- **EXTRACTED MATERIAL**
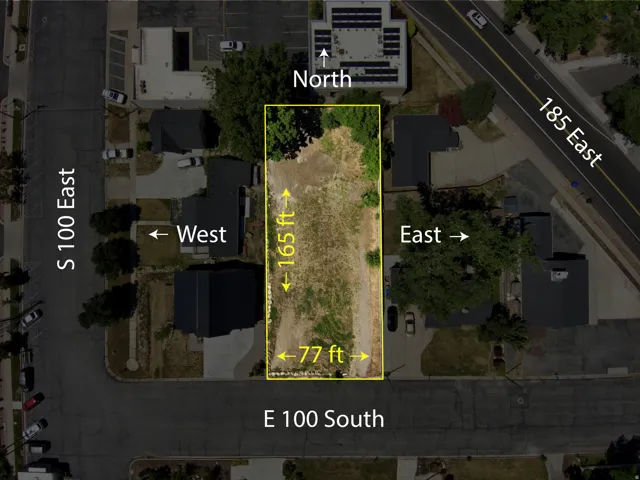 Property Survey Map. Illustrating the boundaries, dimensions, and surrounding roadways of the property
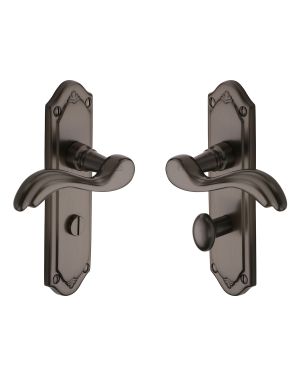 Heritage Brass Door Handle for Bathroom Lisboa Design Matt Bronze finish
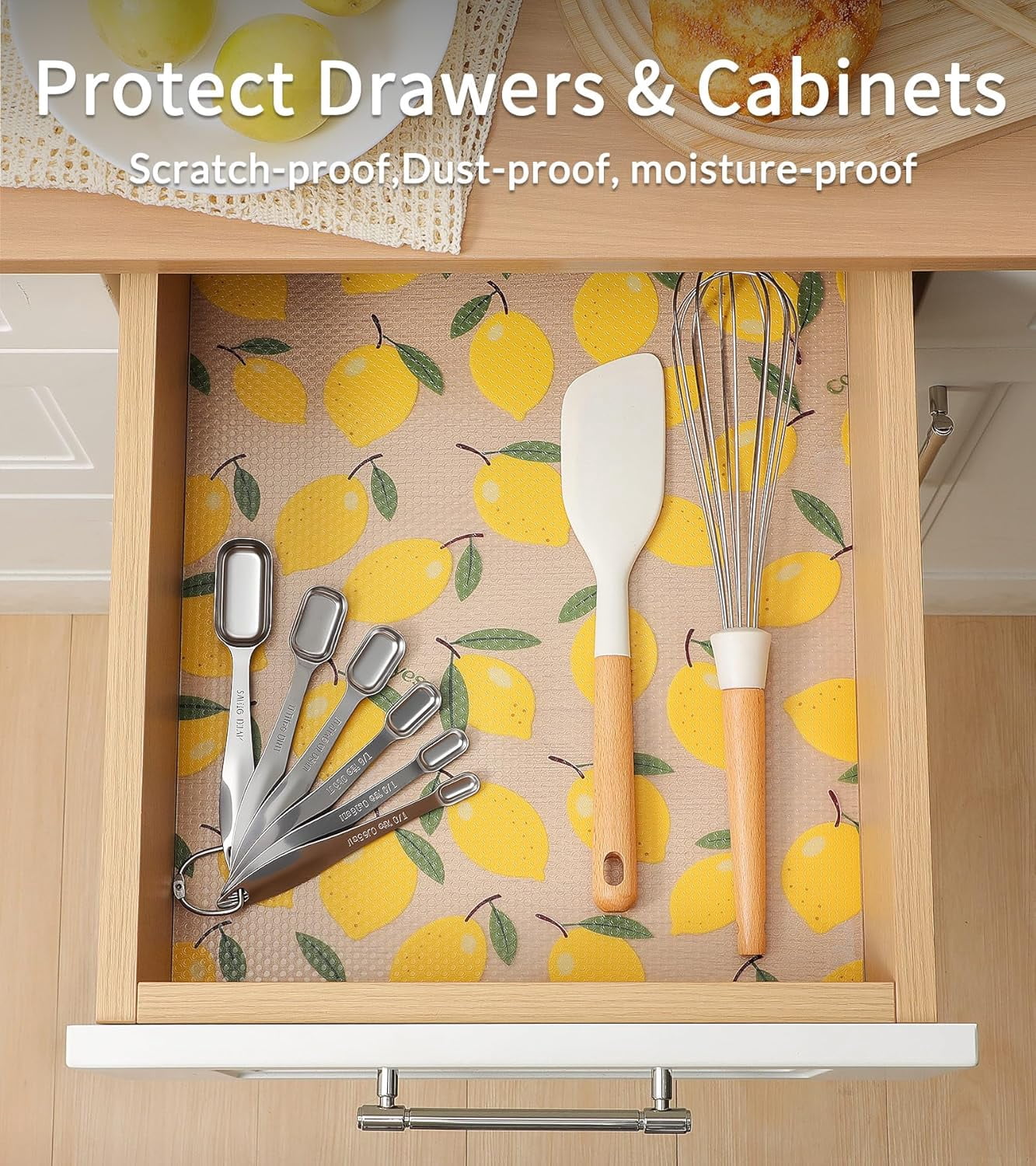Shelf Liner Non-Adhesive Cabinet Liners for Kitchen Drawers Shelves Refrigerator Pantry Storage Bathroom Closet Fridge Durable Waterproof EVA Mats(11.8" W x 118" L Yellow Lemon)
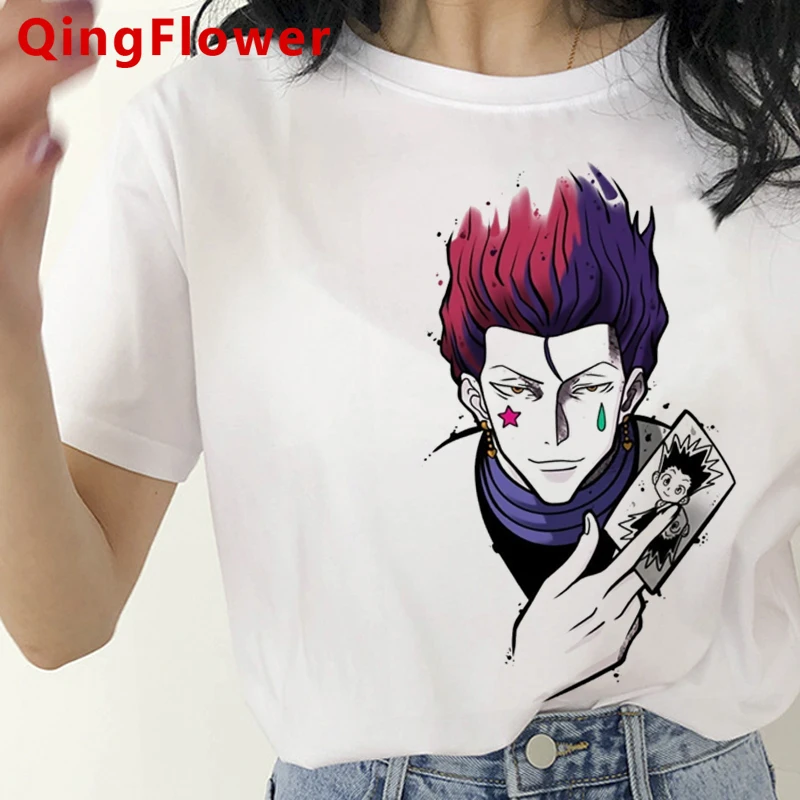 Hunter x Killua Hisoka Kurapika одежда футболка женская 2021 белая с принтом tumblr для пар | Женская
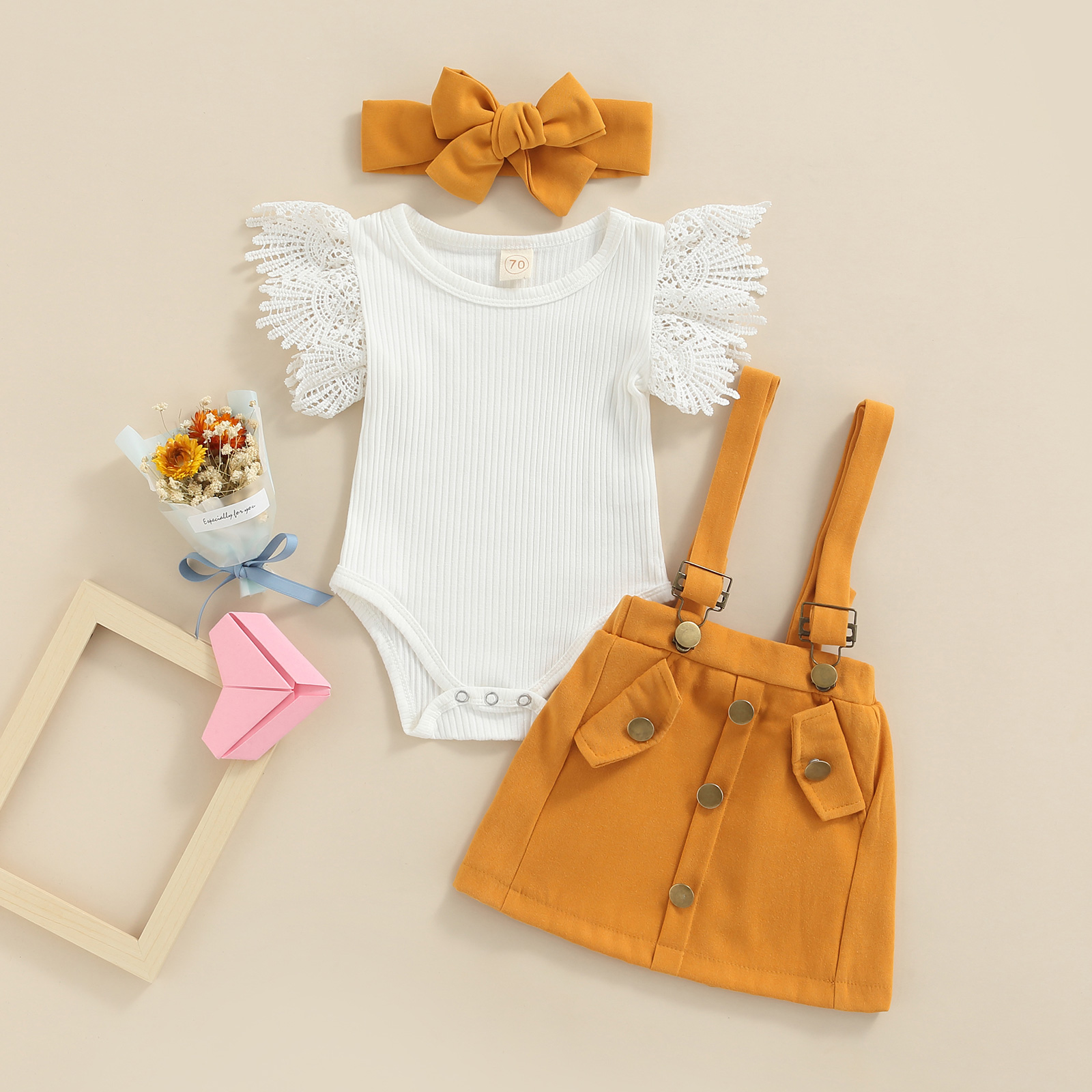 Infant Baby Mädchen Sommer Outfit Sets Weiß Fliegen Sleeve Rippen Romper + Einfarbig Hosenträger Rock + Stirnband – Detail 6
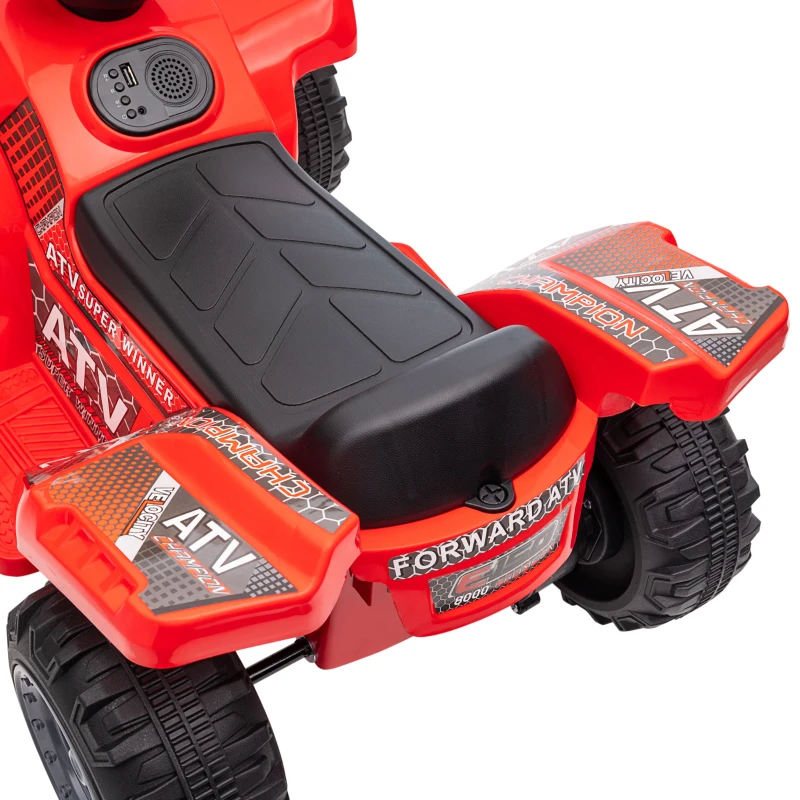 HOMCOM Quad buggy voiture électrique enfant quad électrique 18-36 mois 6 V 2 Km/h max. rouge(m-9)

- **TASK DESCRIPTION**
In your copy of the material, every word must match and no image should appear.

- **RESULT OF THE EXERCISE**
 Property Survey Map. Illustrating the boundaries, dimensions, and surrounding roadways of the property
 Heritage Brass Door Handle for Bathroom Lisboa Design Matt Bronze finish
Shelf Liner Non-Adhesive Cabinet Liners for Kitchen Drawers Shelves Refrigerator Pantry Storage Bathroom Closet Fridge Durable Waterproof EVA Mats(11.8" W x 118" L Yellow Lemon)
 Hunter x Killua Hisoka Kurapika одежда футболка женская 2021 белая с принтом tumblr для пар | Женская
 Infant Baby Mädchen Sommer Outfit Sets Weiß Fliegen Sleeve Rippen Romper + Einfarbig Hosenträger Rock + Stirnband – Detail 6
 HOMCOM Quad buggy voiture électrique enfant quad électrique 18-36 mois 6 V 2 Km/h max. rouge(m-9)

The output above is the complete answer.